# [EXERCISE PROMPT]
Without any of their pictures, return all of the records exactly.

Stored records:
BEGIN

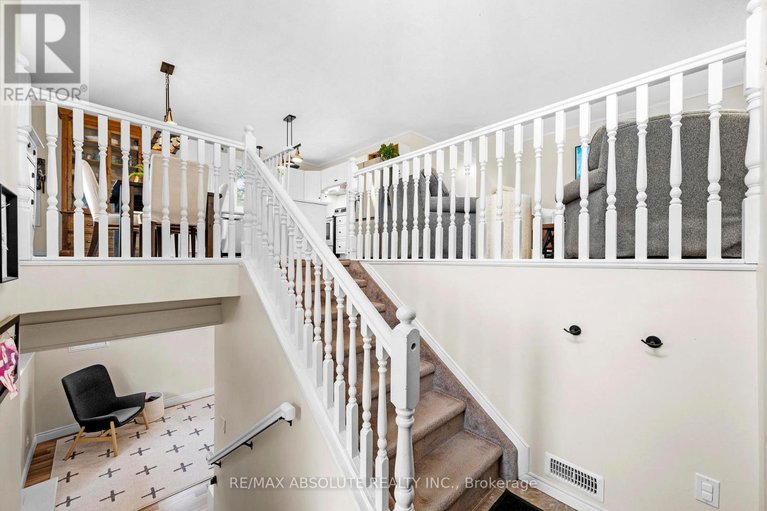 29612926/1877-russett-drive/mcnabbraeside-twps/mcnabbraeside/ontario/K7S3G8_2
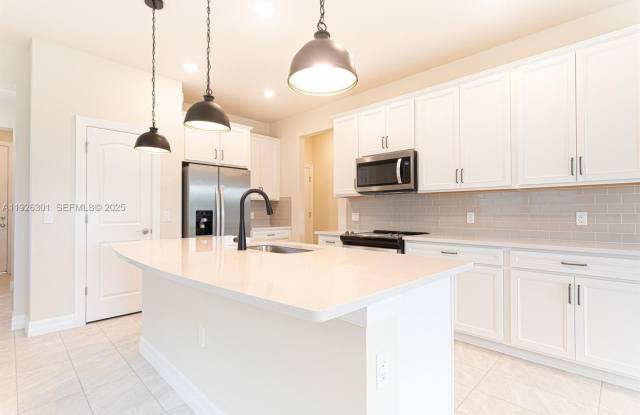 8648 ESCUE ST LAKE WORTH, FL 33467 photos photos 8648 ESCUE ST LAKE WORTH, FL 33467 photos photos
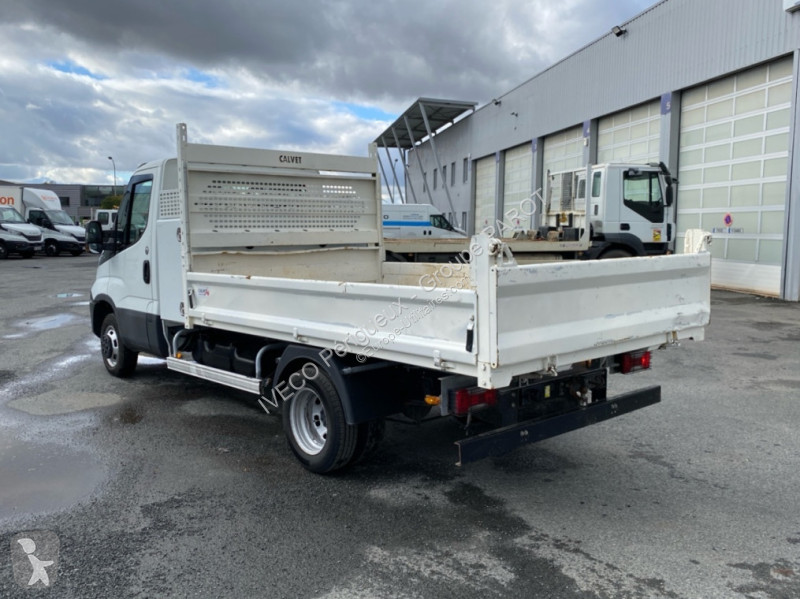 Véhicule utilitaire Iveco 35C14 Empattement...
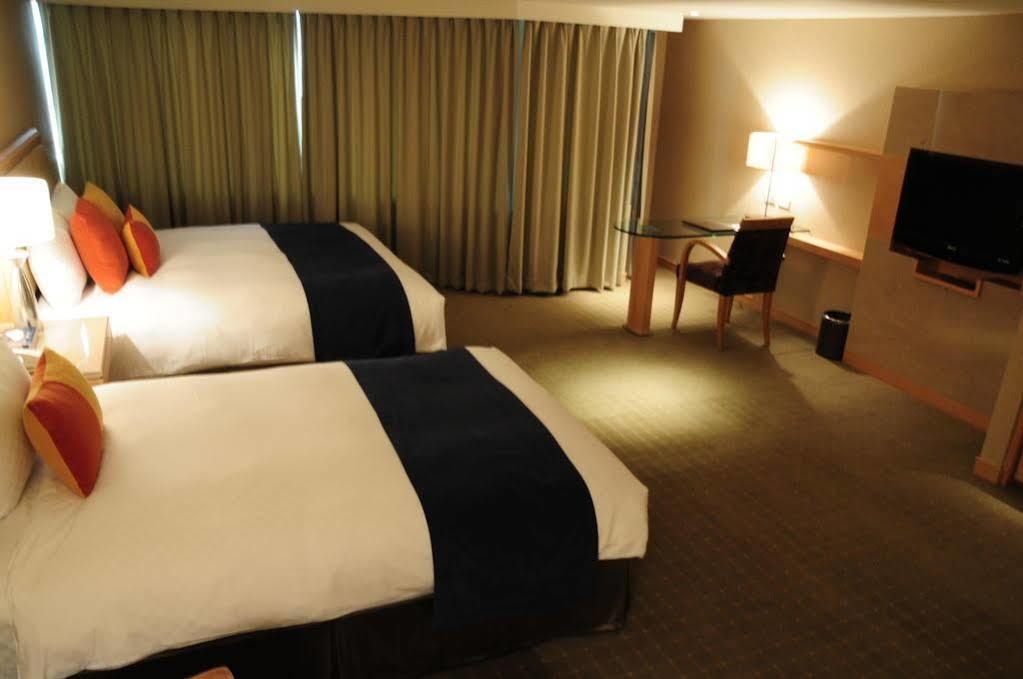 Jin Hua Hotel Luodong Extérieur photo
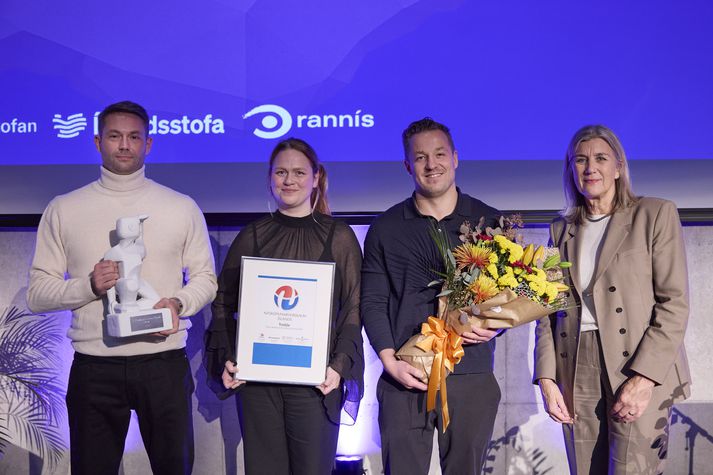 Hanna Katrínu Friðriksson atvinnuvegaráðherra afhenti Treble-teyminu verðlaunin.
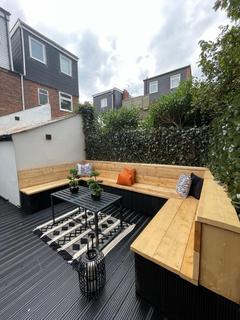 undefined, Daisy Road, Birmingham B16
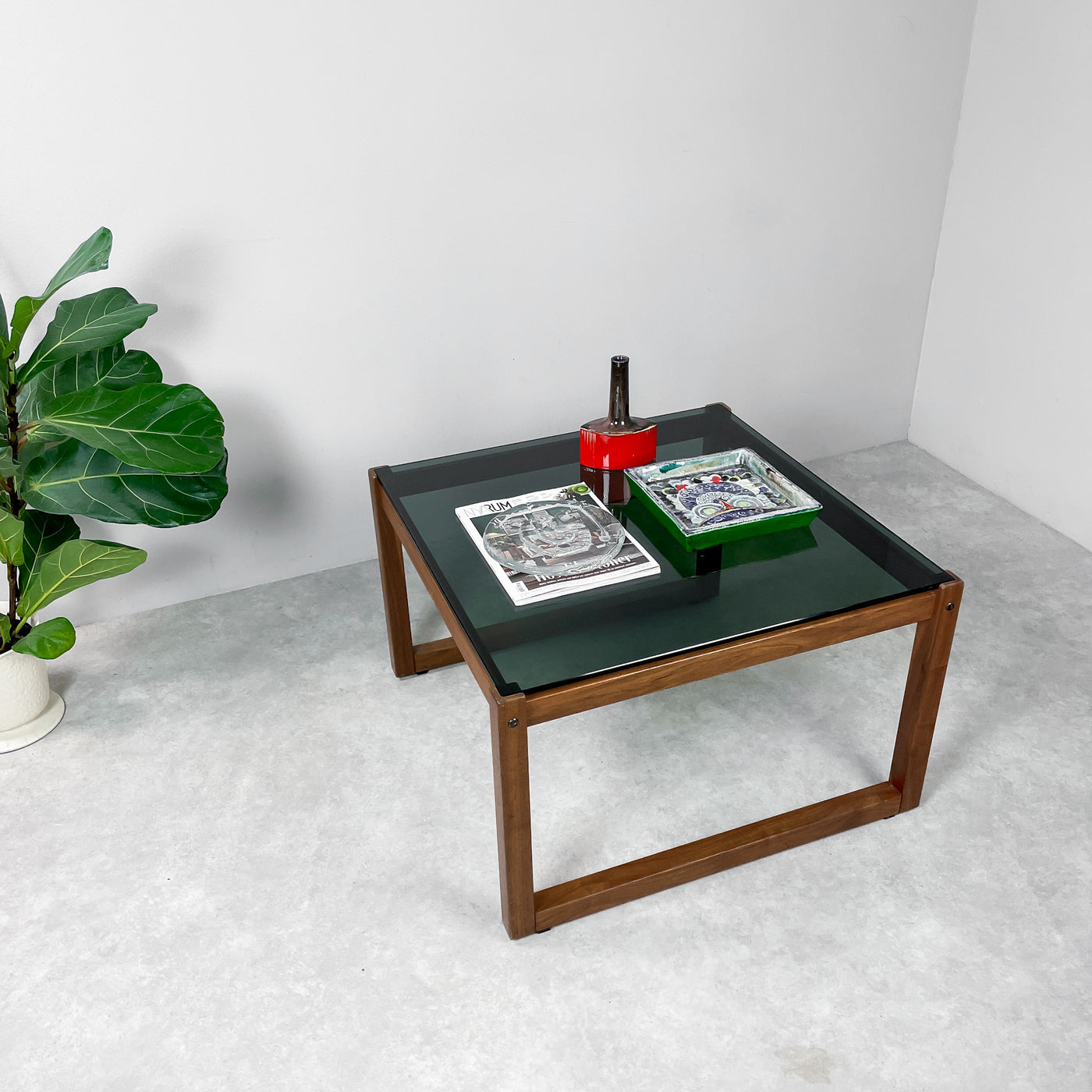 Soffbord i teak och rökfärgat glas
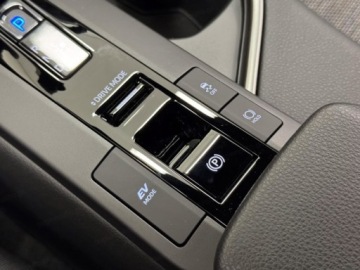 Toyota C-HR II 2025 Od ręki - Style 2.0 Hybrid AWD 180KM | Podgrzewane fotele!, zdjęcie 11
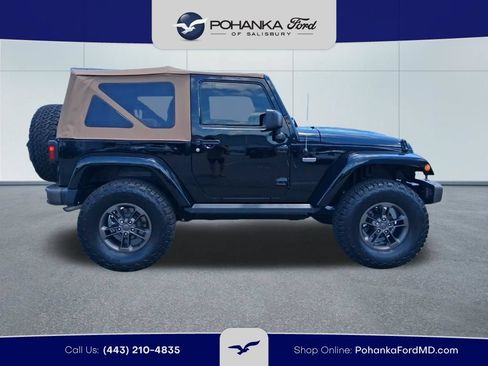Used 2017 Jeep Wrangler Sahara AWD/4WD image 4
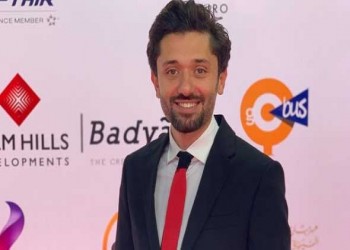   مصر اليوم - كريم محمود عبد العزيز يعلن انفصاله رسميا مؤكدا الطلاق شرع الله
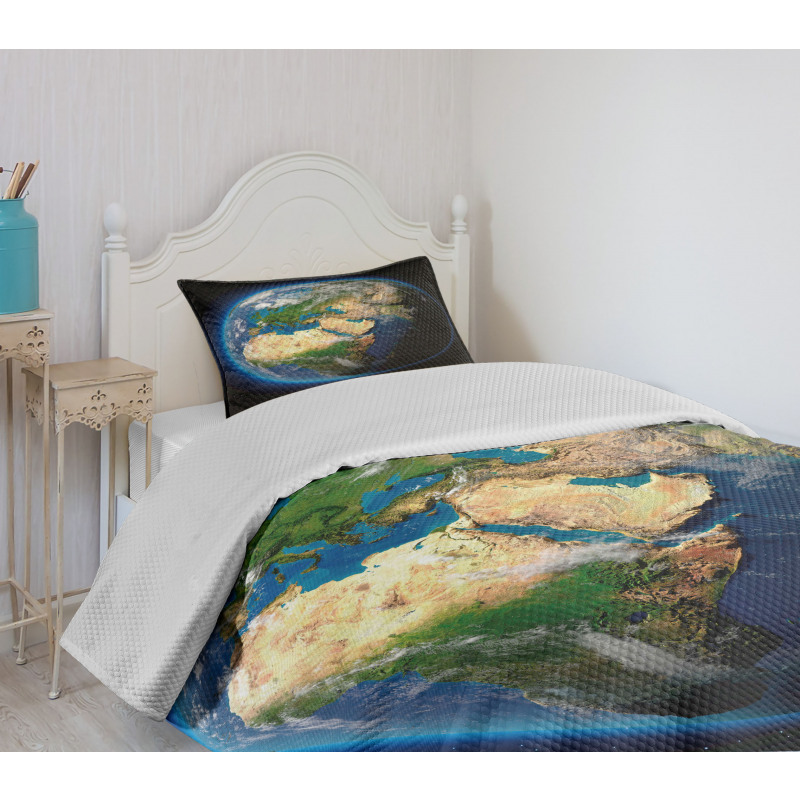 Vivid Blue Seas Greenery Bedspread Set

END

# [SOLUTION TO THIS EXERCISE]
 29612926/1877-russett-drive/mcnabbraeside-twps/mcnabbraeside/ontario/K7S3G8_2
 8648 ESCUE ST LAKE WORTH, FL 33467 photos photos 8648 ESCUE ST LAKE WORTH, FL 33467 photos photos
 Véhicule utilitaire Iveco 35C14 Empattement...
 Jin Hua Hotel Luodong Extérieur photo
 Hanna Katrínu Friðriksson atvinnuvegaráðherra afhenti Treble-teyminu verðlaunin.
 undefined, Daisy Road, Birmingham B16
 Soffbord i teak och rökfärgat glas
 Toyota C-HR II 2025 Od ręki - Style 2.0 Hybrid AWD 180KM | Podgrzewane fotele!, zdjęcie 11
Used 2017 Jeep Wrangler Sahara AWD/4WD image 4
   مصر اليوم - كريم محمود عبد العزيز يعلن انفصاله رسميا مؤكدا الطلاق شرع الله
 Vivid Blue Seas Greenery Bedspread Set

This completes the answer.